> Task details:
Nothing should appear in the answer except the lines from the one with "K&F Concept Silicone" through the end of the listing below, transcribed exactly and without pictures.

***** Data below *****

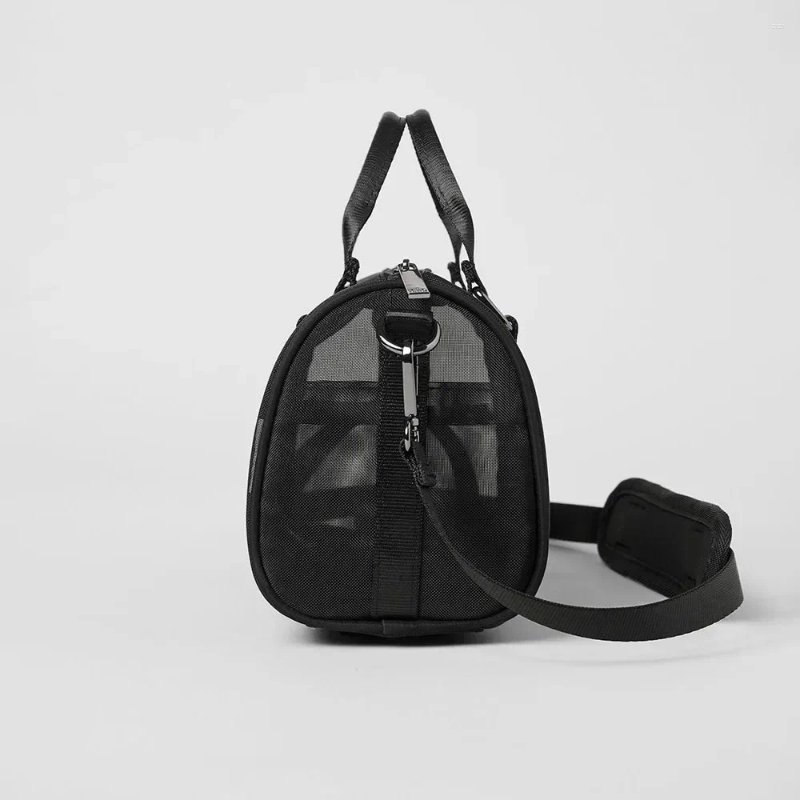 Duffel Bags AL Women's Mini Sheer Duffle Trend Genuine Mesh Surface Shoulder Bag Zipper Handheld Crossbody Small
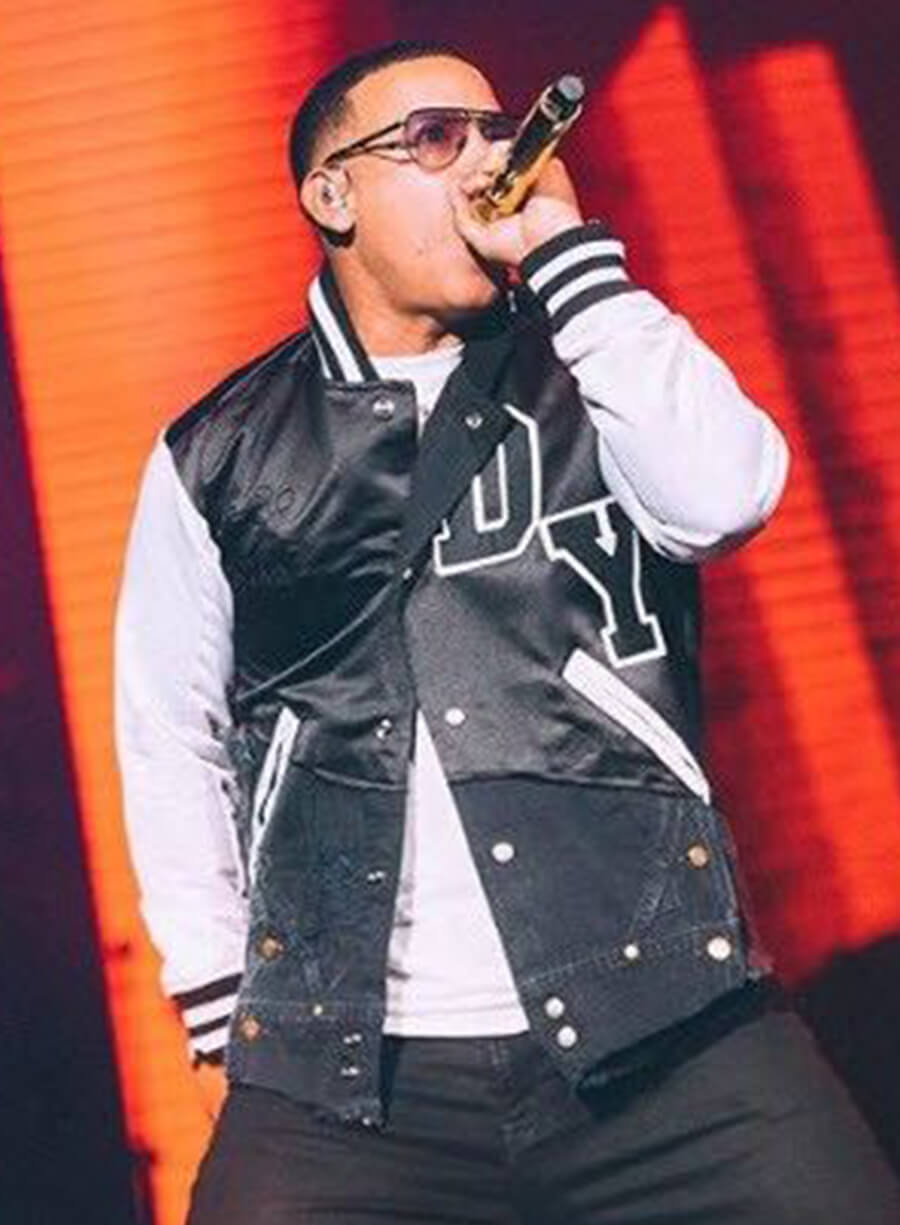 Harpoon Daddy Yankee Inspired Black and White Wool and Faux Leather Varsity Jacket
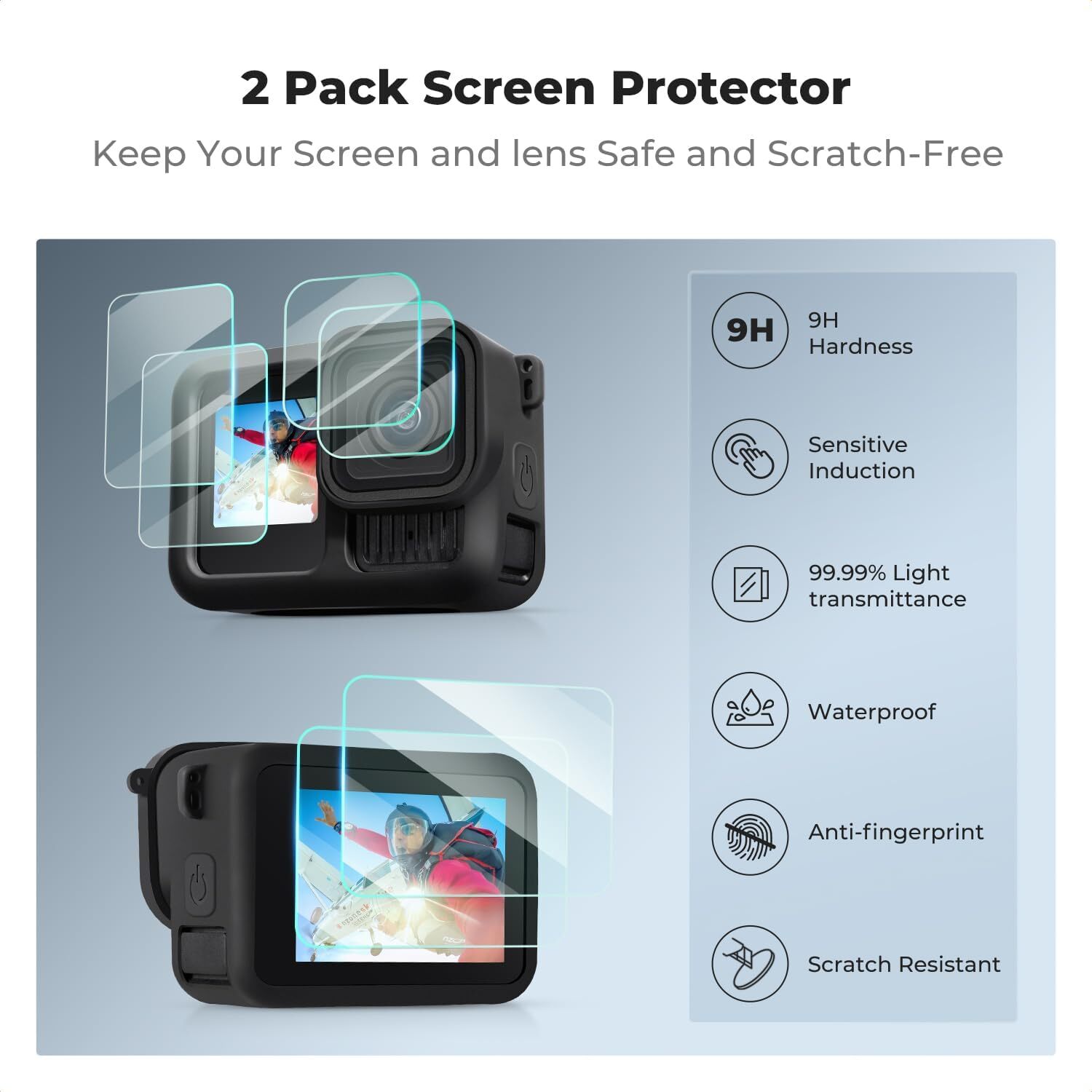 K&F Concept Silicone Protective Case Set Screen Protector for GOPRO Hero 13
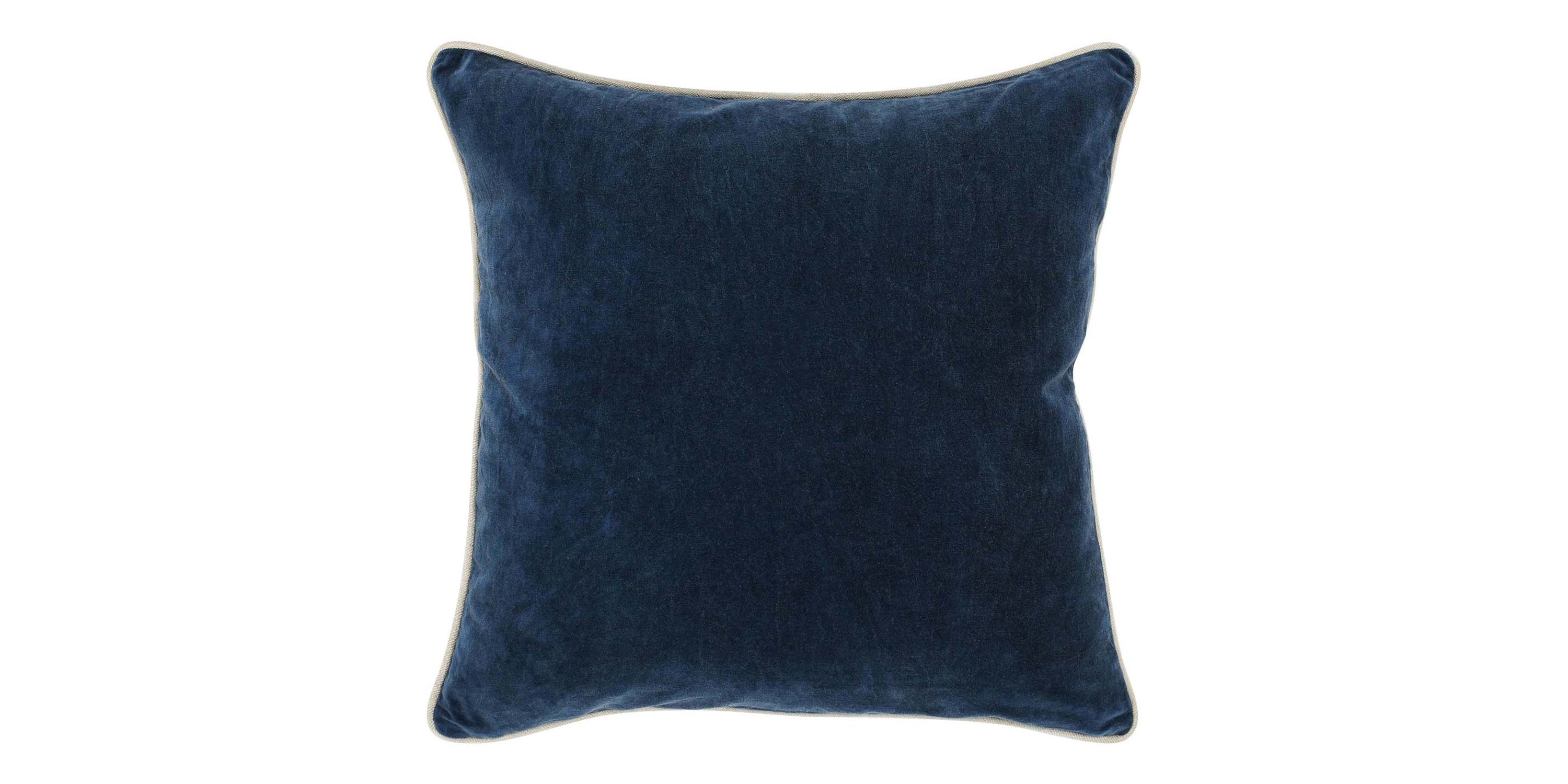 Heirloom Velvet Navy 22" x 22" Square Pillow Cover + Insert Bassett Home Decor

*****

> Reply:
 K&F Concept Silicone Protective Case Set Screen Protector for GOPRO Hero 13
 Heirloom Velvet Navy 22" x 22" Square Pillow Cover + Insert Bassett Home Decor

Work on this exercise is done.